Stunning images capture rare "megapod" of humpback whales

Rare megapod of whales seen feeding off Australia

Coastal tour boat operators in Australia were treated to a rare spectacle last week as more than 100 humpback whales set upon a swirling ball of baitfish. The mass aggregation or megapod of whales was spotted by Simon Miller, owner of Sapphire Coastal Adventures, and his team on Thursday off the coast of Bermagui in New South Wales, on Australia's southeast coast.

An aerial image from video shot by the Sapphire Coastal Adventures tour boat operator shows a "megapod" of more than 100 humpback whales feeding on baitfish off the coast of Bermagui, in New South Wales state, southeast Australia, on September 8, 2021. Sapphire Coastal Adventures/Reuters

"The big smell, fish everywhere, whales busting up through it. Now the whales on the outside were slapping their tails, sorting of herding the bait in together and then the whales coming up and sort of busting up all over the place," Miller told the Reuters news agency. "It's pretty incredible stuff."

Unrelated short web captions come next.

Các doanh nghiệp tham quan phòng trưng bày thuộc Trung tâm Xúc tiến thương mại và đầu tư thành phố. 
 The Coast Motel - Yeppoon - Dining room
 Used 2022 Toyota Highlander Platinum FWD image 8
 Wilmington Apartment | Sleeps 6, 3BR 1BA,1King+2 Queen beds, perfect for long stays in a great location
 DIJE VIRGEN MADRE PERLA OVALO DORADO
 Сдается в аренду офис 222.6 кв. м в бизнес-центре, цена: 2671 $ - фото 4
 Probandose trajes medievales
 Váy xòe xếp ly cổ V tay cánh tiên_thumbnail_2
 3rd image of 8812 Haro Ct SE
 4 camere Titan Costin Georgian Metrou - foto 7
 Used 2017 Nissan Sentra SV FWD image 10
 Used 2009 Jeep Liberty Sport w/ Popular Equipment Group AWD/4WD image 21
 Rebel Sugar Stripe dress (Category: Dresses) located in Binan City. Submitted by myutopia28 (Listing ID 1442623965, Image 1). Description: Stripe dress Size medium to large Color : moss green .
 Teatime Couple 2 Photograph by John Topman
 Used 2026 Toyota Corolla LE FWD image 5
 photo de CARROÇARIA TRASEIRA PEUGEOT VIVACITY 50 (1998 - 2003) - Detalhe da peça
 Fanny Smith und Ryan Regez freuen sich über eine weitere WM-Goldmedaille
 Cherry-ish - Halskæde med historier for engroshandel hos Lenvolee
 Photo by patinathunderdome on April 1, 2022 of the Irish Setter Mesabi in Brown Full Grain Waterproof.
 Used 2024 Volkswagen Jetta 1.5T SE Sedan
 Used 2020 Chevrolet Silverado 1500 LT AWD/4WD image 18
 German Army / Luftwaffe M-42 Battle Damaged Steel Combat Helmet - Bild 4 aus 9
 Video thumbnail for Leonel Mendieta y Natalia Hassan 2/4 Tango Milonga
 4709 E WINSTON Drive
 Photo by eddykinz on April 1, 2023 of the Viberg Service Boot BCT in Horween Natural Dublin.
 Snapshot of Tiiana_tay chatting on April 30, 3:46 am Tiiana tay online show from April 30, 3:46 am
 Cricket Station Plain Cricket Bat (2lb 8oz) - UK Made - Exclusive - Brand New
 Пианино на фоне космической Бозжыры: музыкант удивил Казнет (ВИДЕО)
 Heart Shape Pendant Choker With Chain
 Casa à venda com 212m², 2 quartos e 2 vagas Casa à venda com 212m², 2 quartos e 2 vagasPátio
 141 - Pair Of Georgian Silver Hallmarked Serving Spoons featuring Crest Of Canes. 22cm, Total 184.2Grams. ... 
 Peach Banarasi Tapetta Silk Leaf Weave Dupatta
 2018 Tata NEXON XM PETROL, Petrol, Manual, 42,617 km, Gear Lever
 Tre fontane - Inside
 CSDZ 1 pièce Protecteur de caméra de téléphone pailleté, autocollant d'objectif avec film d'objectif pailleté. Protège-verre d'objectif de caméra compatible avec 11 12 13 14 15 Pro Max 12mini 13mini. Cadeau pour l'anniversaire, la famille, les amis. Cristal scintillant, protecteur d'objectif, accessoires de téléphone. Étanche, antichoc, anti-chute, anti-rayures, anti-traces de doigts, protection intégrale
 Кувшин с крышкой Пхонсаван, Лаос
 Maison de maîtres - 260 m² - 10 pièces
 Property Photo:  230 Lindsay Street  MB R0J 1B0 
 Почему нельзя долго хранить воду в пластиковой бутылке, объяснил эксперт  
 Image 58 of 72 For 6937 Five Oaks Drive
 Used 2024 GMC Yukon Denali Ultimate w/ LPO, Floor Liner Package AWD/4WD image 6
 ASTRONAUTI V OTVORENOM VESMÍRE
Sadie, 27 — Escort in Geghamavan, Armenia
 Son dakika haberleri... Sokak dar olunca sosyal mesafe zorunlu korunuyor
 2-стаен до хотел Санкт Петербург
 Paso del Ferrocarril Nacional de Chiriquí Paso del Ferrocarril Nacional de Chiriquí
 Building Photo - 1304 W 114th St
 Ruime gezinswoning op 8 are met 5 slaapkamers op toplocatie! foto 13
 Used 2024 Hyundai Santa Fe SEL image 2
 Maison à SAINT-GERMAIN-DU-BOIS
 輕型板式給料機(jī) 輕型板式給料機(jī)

He and his team spotted the whales — and captured their behavior in stunning drone video — in a patch of water that humpbacks frequent around this time of year as they make their return to Antarctica from the warmer waters to the north, where they raise their young.

"Last year, this exact same week, we had a mass aggregation of humpback whales," Miller told Reuters. "What that is, is where you get a megapod and it's where you've got more than 20 whales at the time feeding on a particular area."

A humpback whale with its mouth wide open to catch baitfish as it breaches is seen off the coast of Bermagui, New South Wales, Australia, September 9, 2021, in an image provided by the Sapphire Coastal Adventures tour company. Sapphire Coastal Adventures/Reuters

But in almost two decades of plying waters around Bermagui, Miller said he'd never seen such a grouping of the sea mammals until last year.

"We've been witnessing whales feeding on the south coast for maybe, like, 18, 19 years, since I've been doing it, 19 years. But we've never witnessed them feeding in such huge aggregations before," he said.